Exercise >>
Copy exactly the stretch of lines from the one holding "Andrew Repp Email & Phone Number" through the last line of the data below, inclusive. Leave out pictures.

Material provided >>

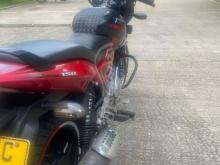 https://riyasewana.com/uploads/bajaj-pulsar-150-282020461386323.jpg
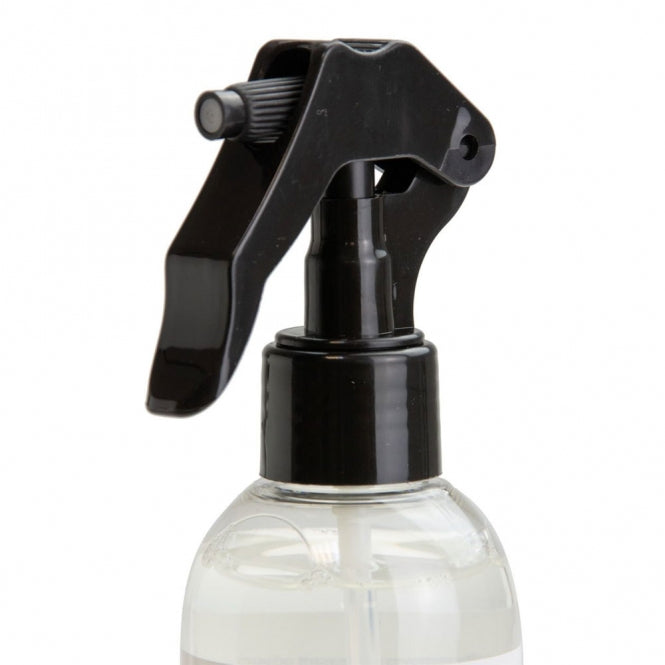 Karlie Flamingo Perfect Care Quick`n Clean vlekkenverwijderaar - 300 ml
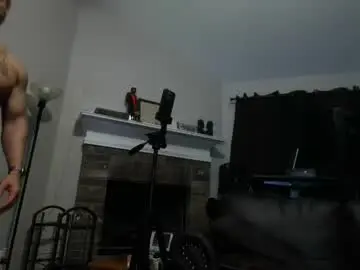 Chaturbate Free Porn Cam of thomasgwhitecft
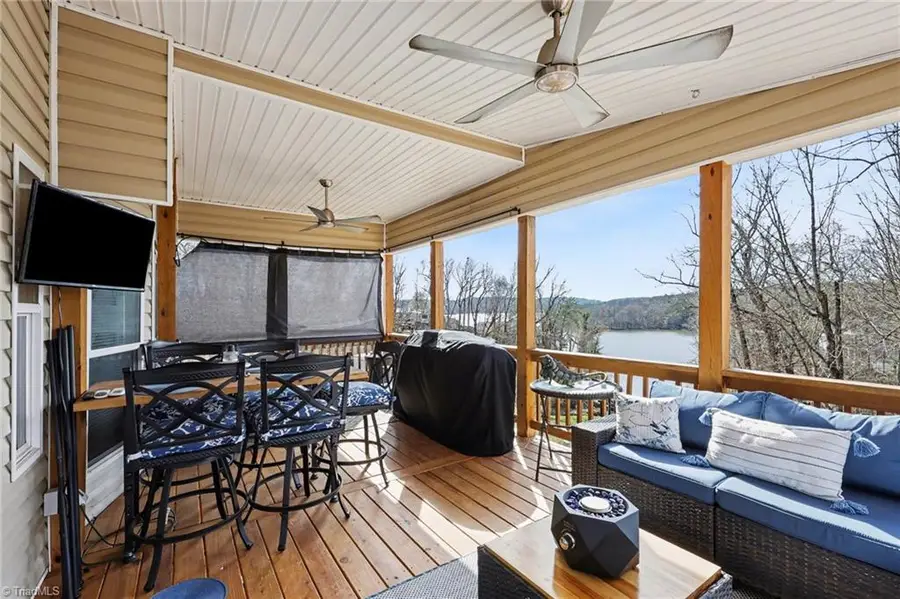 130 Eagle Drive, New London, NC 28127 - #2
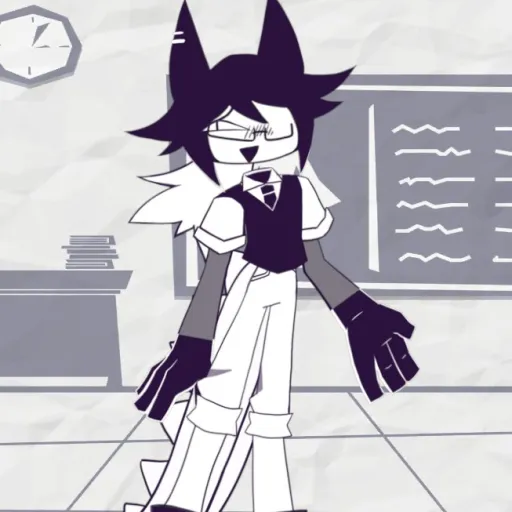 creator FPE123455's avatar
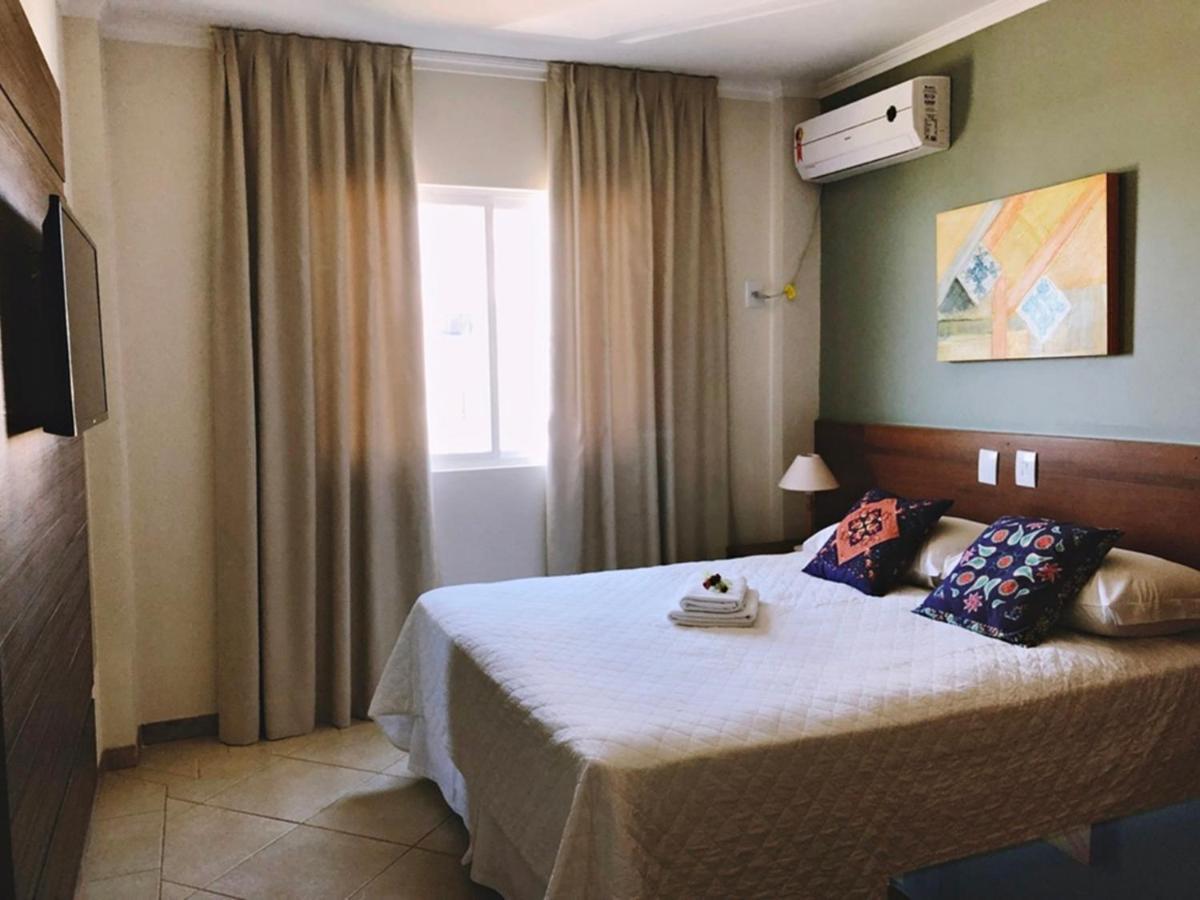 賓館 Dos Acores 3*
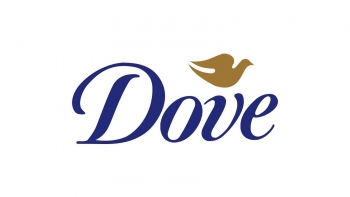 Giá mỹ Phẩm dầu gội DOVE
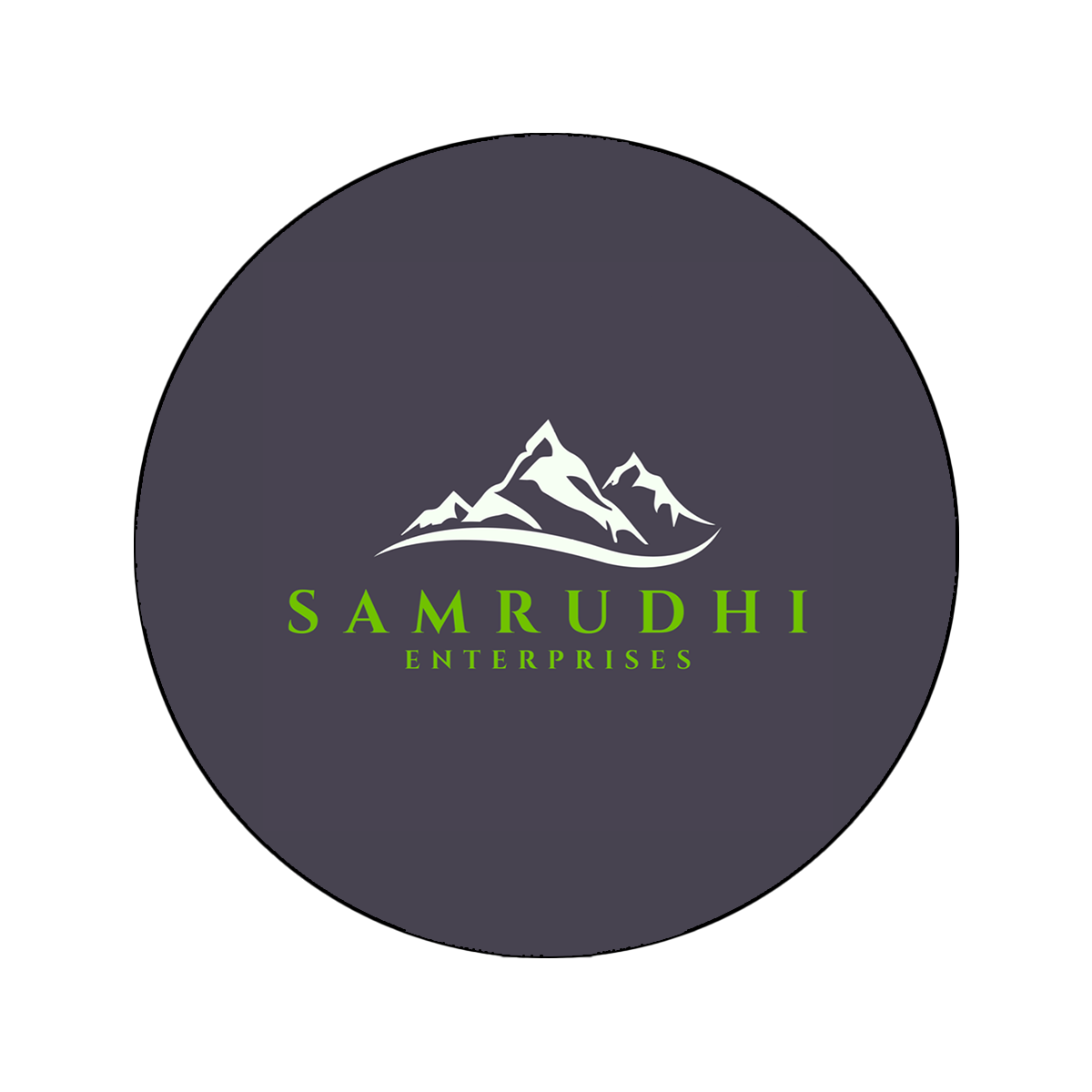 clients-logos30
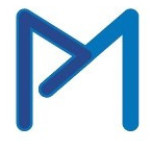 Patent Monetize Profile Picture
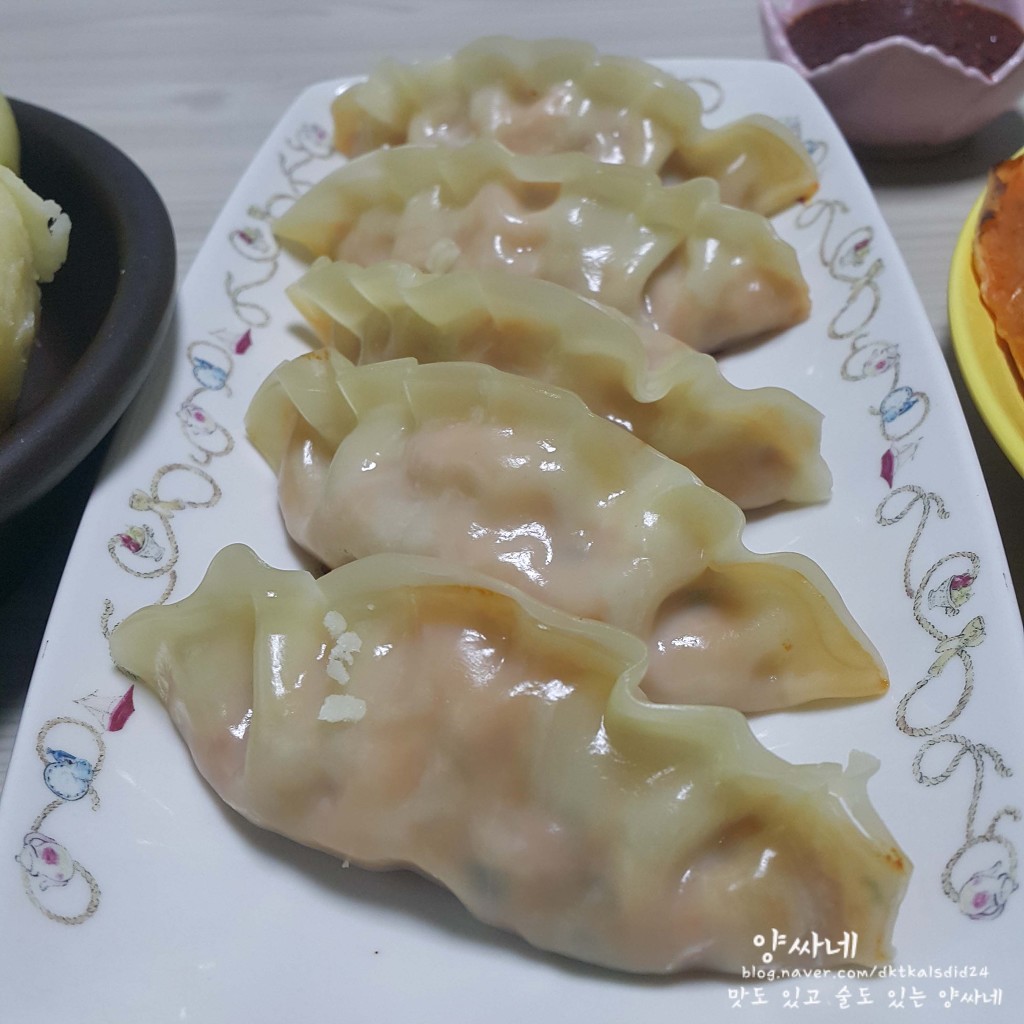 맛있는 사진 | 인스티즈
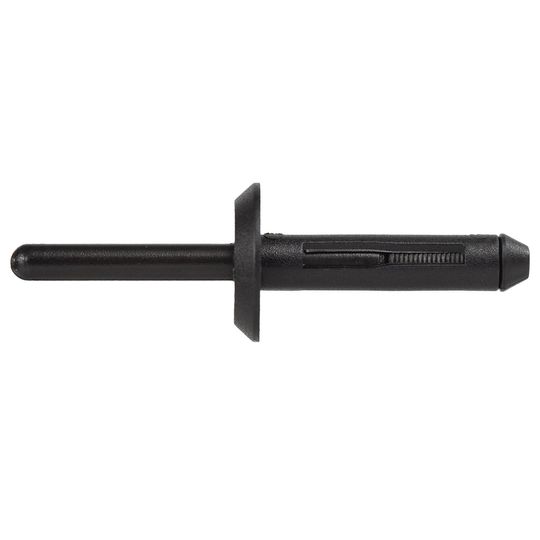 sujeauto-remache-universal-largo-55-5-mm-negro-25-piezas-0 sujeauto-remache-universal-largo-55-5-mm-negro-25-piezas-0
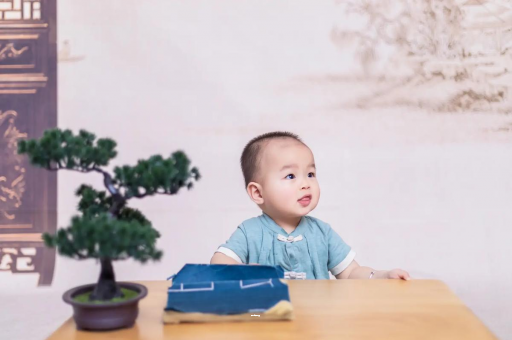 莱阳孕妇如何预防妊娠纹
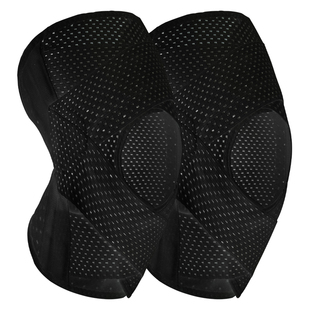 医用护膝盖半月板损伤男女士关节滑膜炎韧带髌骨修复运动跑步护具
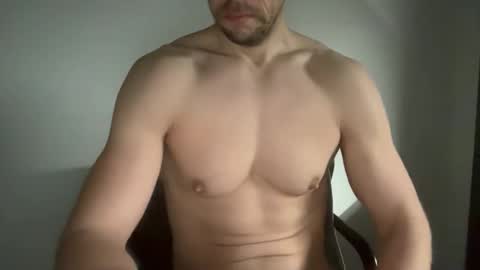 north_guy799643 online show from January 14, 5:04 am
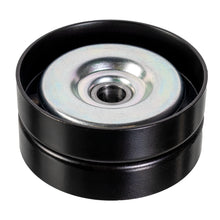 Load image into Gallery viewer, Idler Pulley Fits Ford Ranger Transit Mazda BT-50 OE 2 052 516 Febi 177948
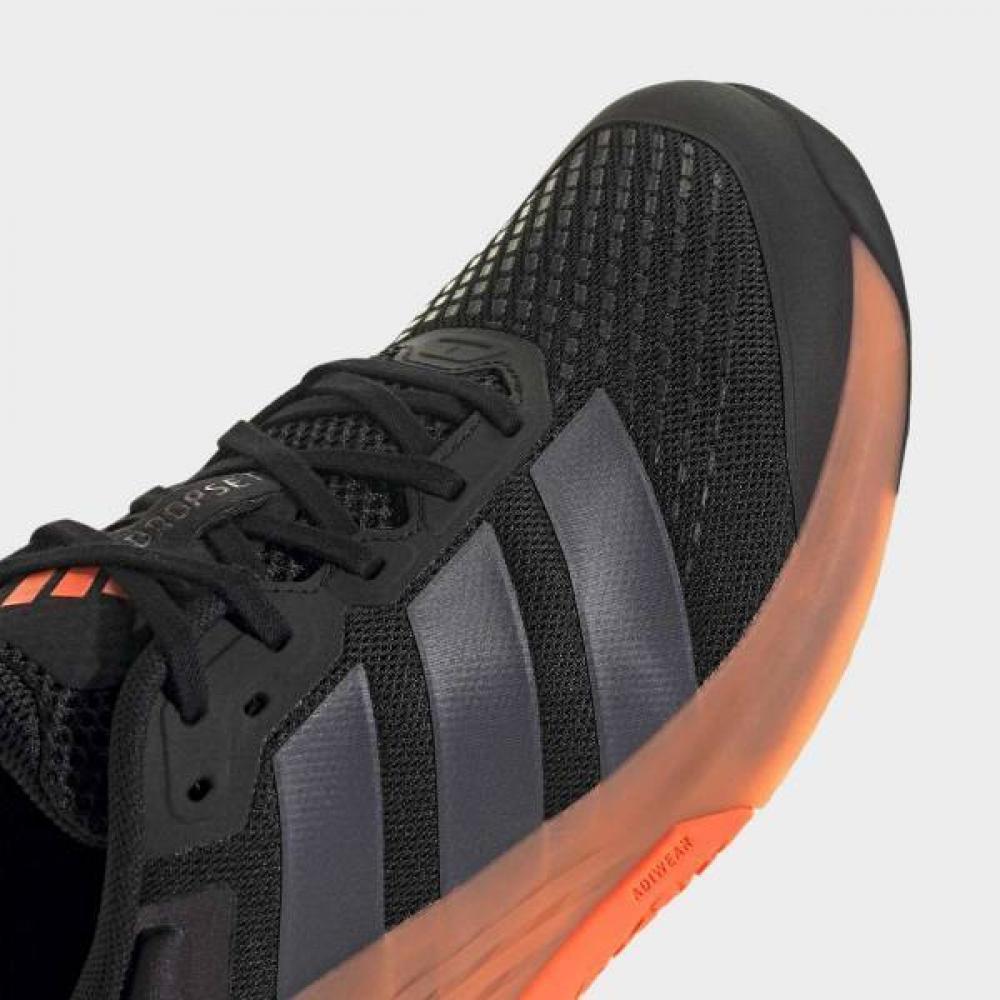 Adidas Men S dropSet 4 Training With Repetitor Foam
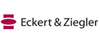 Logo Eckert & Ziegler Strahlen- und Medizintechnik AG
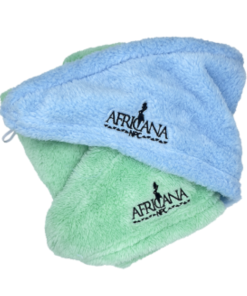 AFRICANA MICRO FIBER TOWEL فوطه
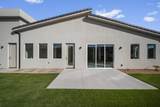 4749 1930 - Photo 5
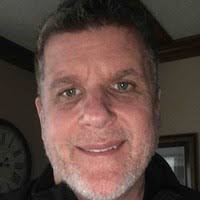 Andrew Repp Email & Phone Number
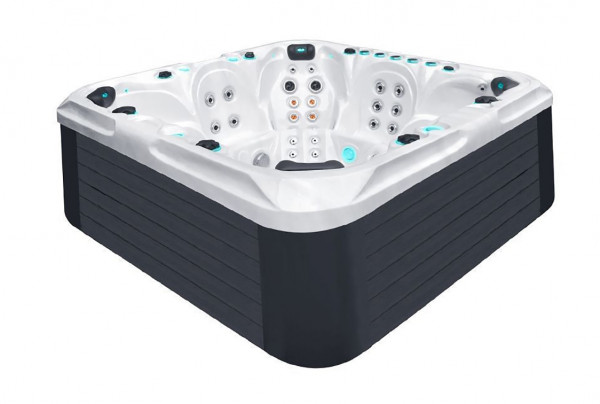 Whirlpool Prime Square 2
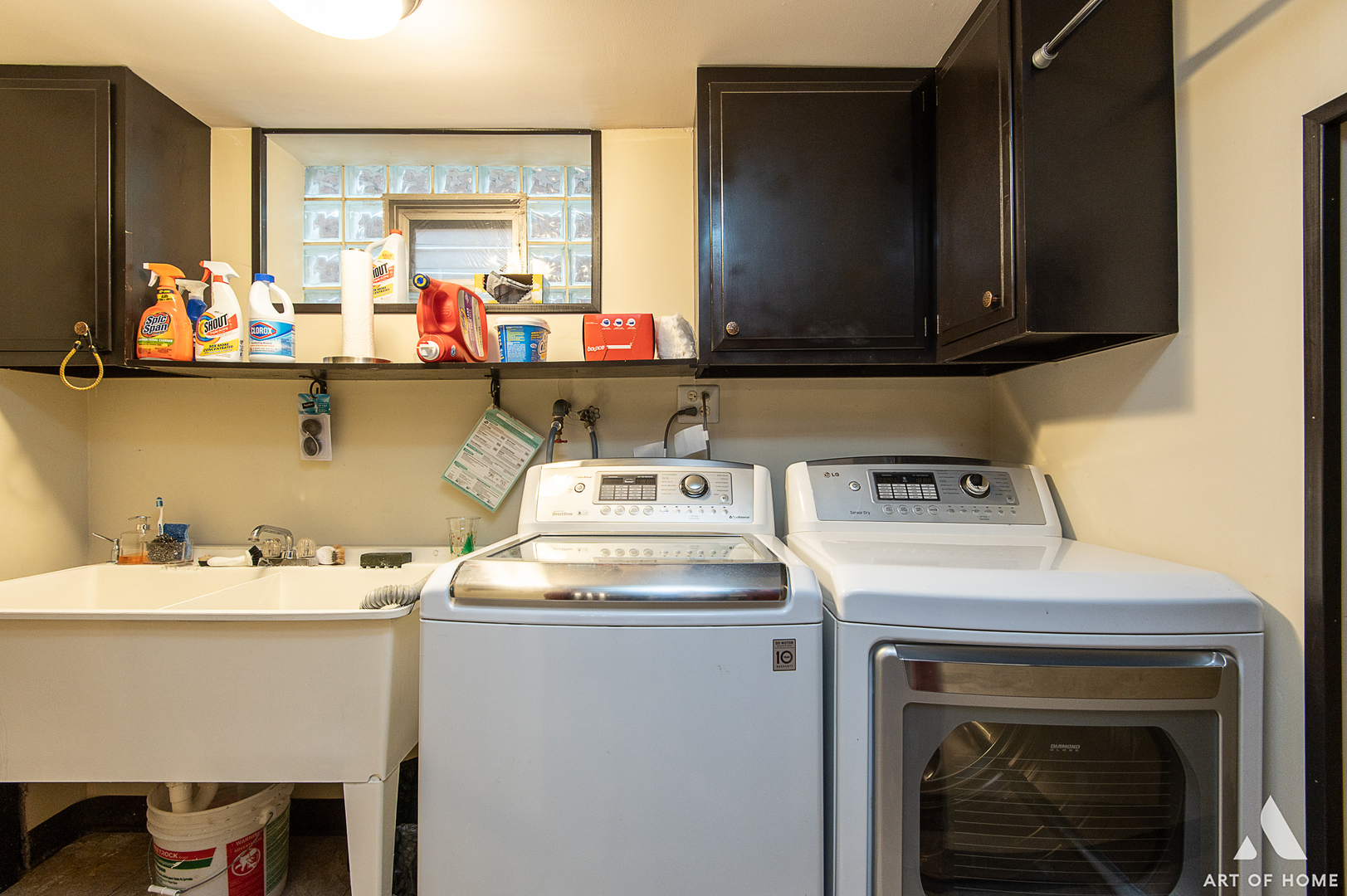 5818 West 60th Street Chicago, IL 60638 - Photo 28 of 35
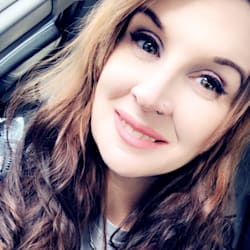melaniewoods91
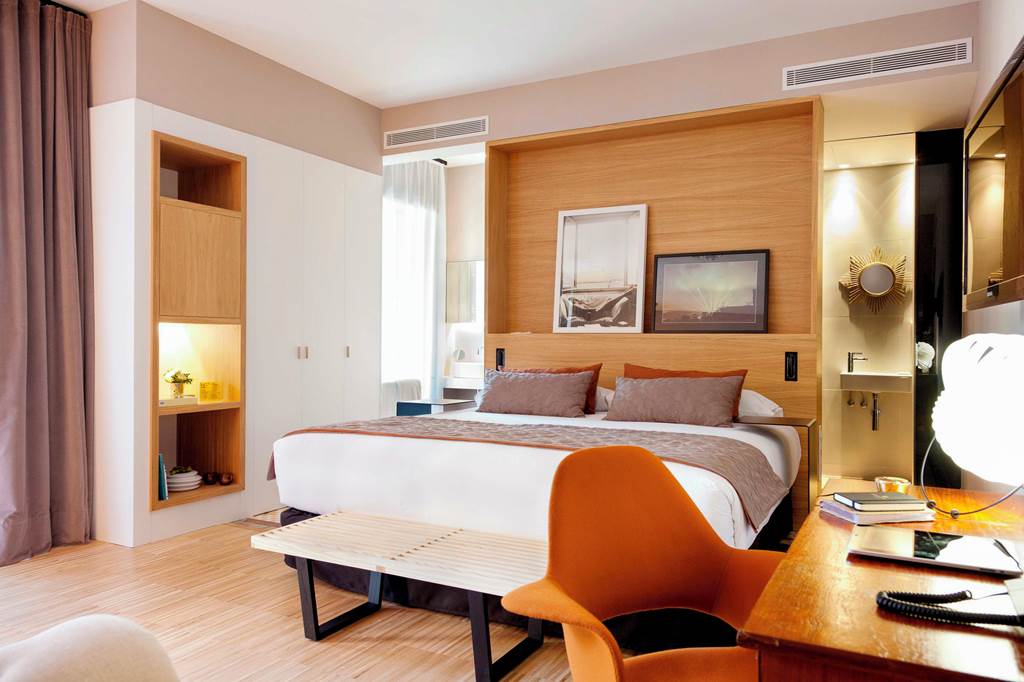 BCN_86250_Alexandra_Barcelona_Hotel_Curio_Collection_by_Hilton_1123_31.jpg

Output for this exercise >>
 Andrew Repp Email & Phone Number
 Whirlpool Prime Square 2
 5818 West 60th Street Chicago, IL 60638 - Photo 28 of 35
melaniewoods91
 BCN_86250_Alexandra_Barcelona_Hotel_Curio_Collection_by_Hilton_1123_31.jpg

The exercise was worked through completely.